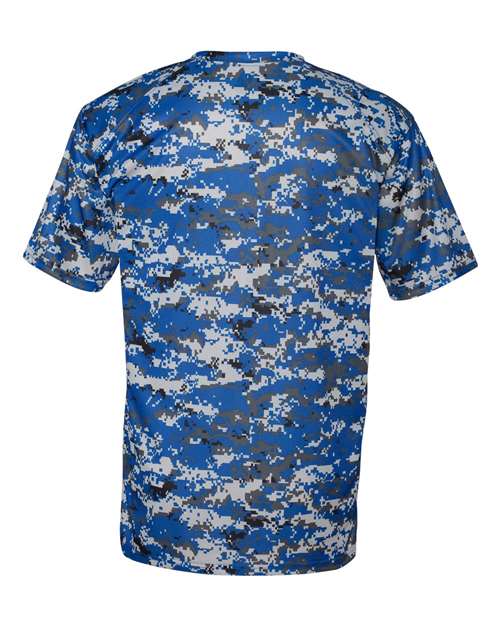 Men's Digital Camo T-Shirt - Royal Digital Back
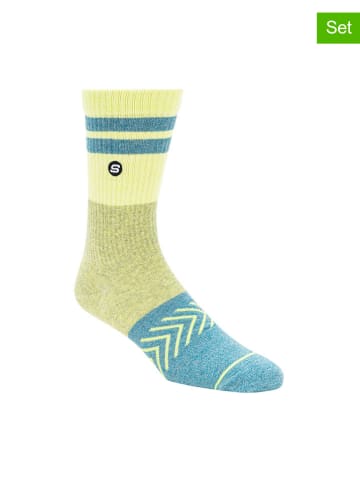 Skechers 6er-Set: Socken in Hellblau/ Gelb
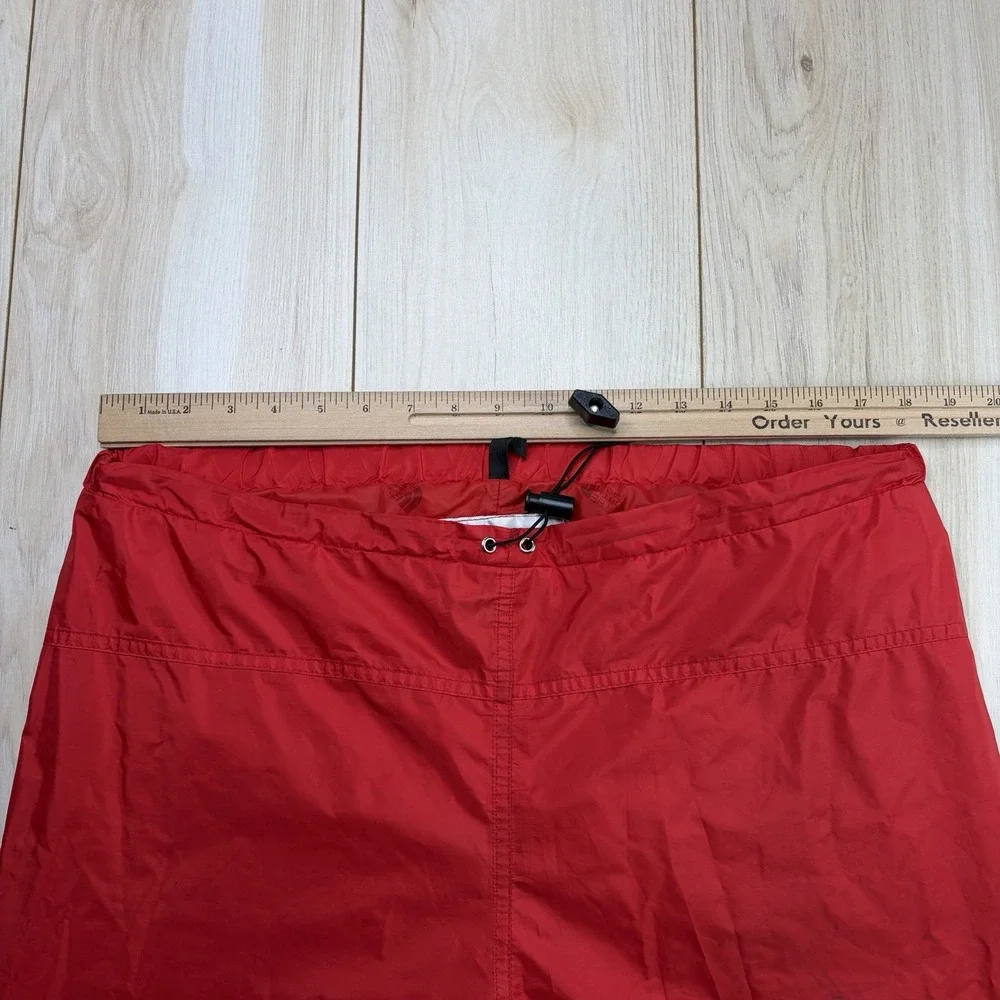 VTG 80s The North Face Gore-Tex Nylon Pants Mens Large Red USA Made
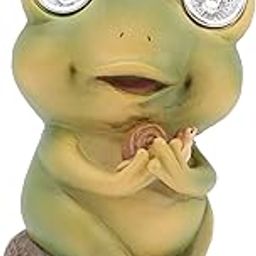 Gadpiparty Solar Frog Night Light Solar Outdoor Decor for Garden and Yard Waterproof Cartoon Frog Theme 1-Piece Decorative Lighting for Home and Patio-image-43
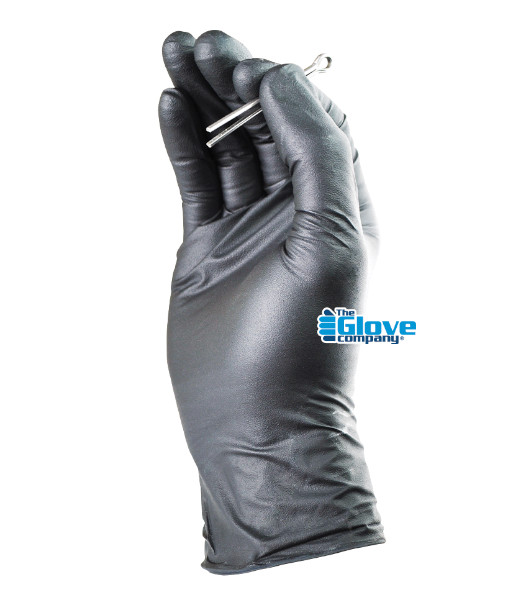 1300 The Glove Company Black Rocket® Nitrile Disposable Gloves, Sizes S To 2XL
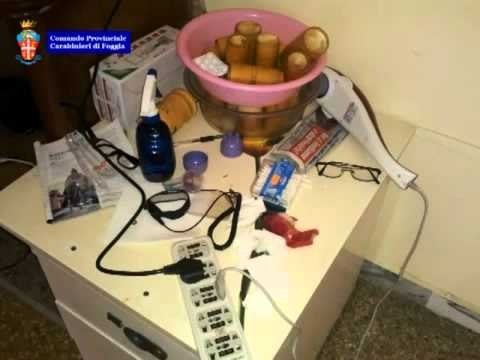 Foggia - Sequestro Centro massaggi cinesi illegale (12.10.12)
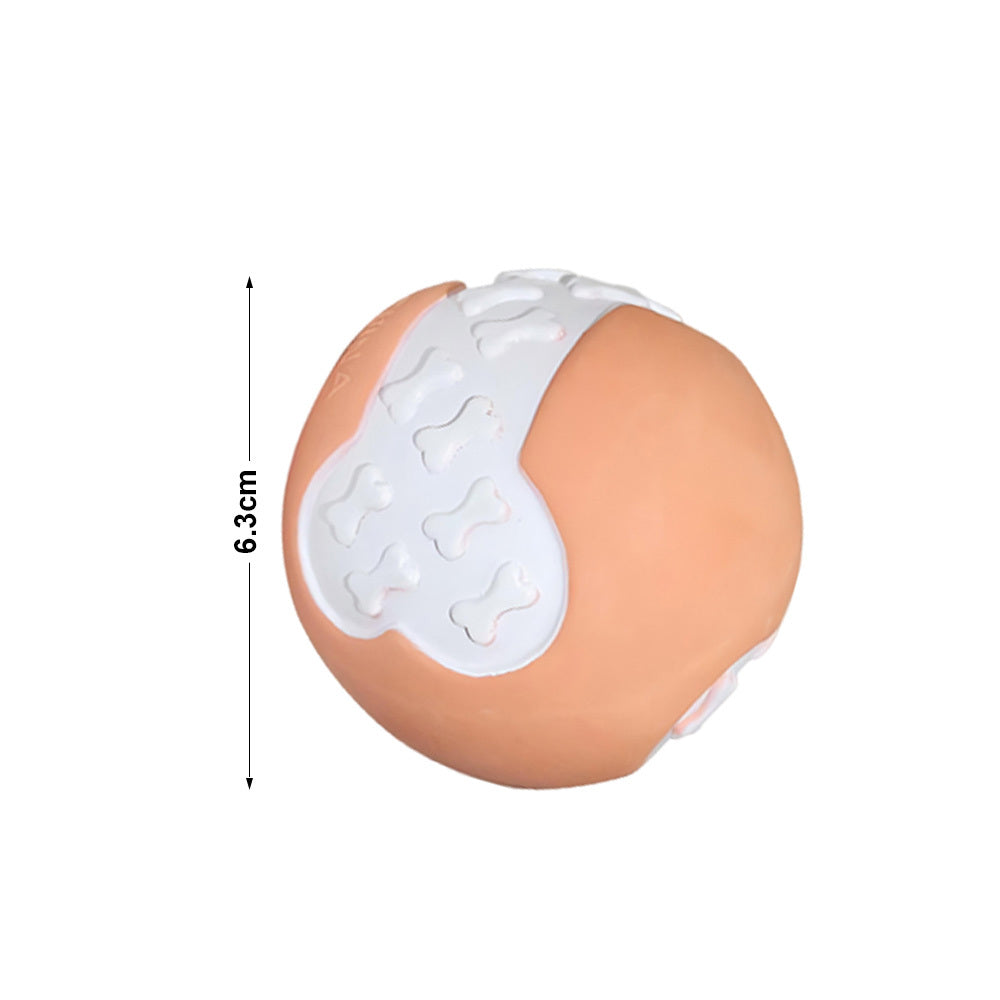 12 PCS Non-Toxic Dog Toy Ball Hard Rubber Solid Ball Cleaning Teeth Durable To Chew And High Rebound Great Pet Play Training Supplies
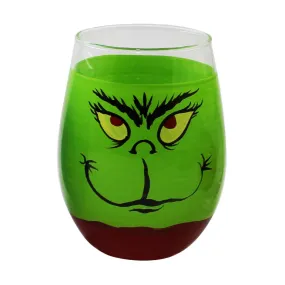 The Grinch Stemless Christmas Wine Glass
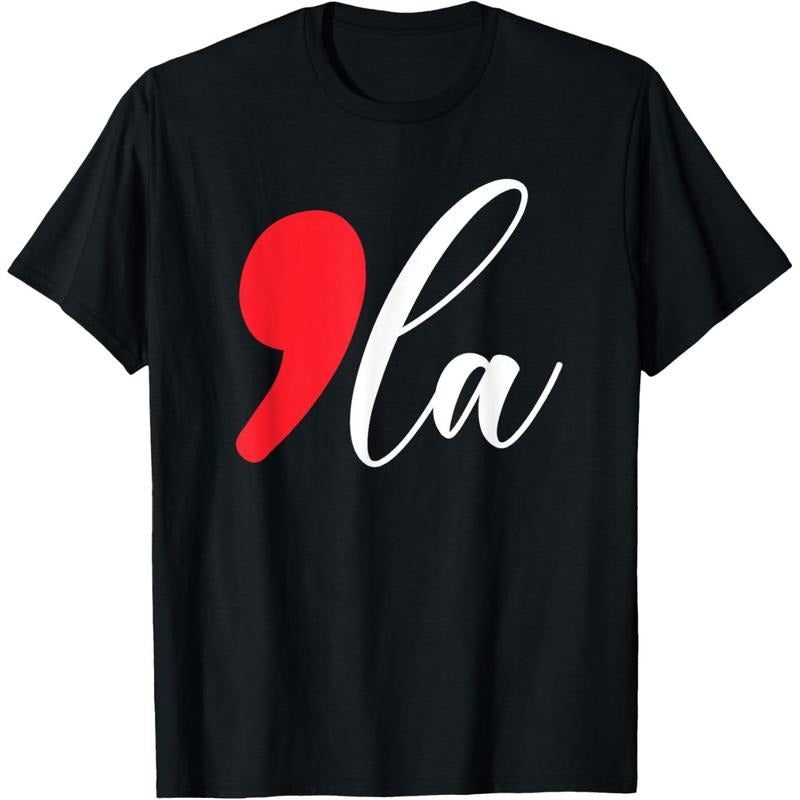 Kamala Harris 2024 President Comma La Funny T-Shirt made in usa Hoodie, Sweatshirt | TeeBloomCo.com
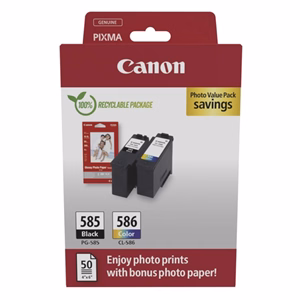 Festékpatron CANON PG-585/CL-586 Multipack + 10x15 GP-501 fotópapír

**Exercise:**
Reprint all the data above verbatim, excluding pictures.

**Expected answer:**
 Men's Digital Camo T-Shirt - Royal Digital Back
 Skechers 6er-Set: Socken in Hellblau/ Gelb
 VTG 80s The North Face Gore-Tex Nylon Pants Mens Large Red USA Made
 Gadpiparty Solar Frog Night Light Solar Outdoor Decor for Garden and Yard Waterproof Cartoon Frog Theme 1-Piece Decorative Lighting for Home and Patio-image-43
 1300 The Glove Company Black Rocket® Nitrile Disposable Gloves, Sizes S To 2XL
 Foggia - Sequestro Centro massaggi cinesi illegale (12.10.12)
 12 PCS Non-Toxic Dog Toy Ball Hard Rubber Solid Ball Cleaning Teeth Durable To Chew And High Rebound Great Pet Play Training Supplies
 The Grinch Stemless Christmas Wine Glass
 Kamala Harris 2024 President Comma La Funny T-Shirt made in usa Hoodie, Sweatshirt | TeeBloomCo.com
 Festékpatron CANON PG-585/CL-586 Multipack + 10x15 GP-501 fotópapír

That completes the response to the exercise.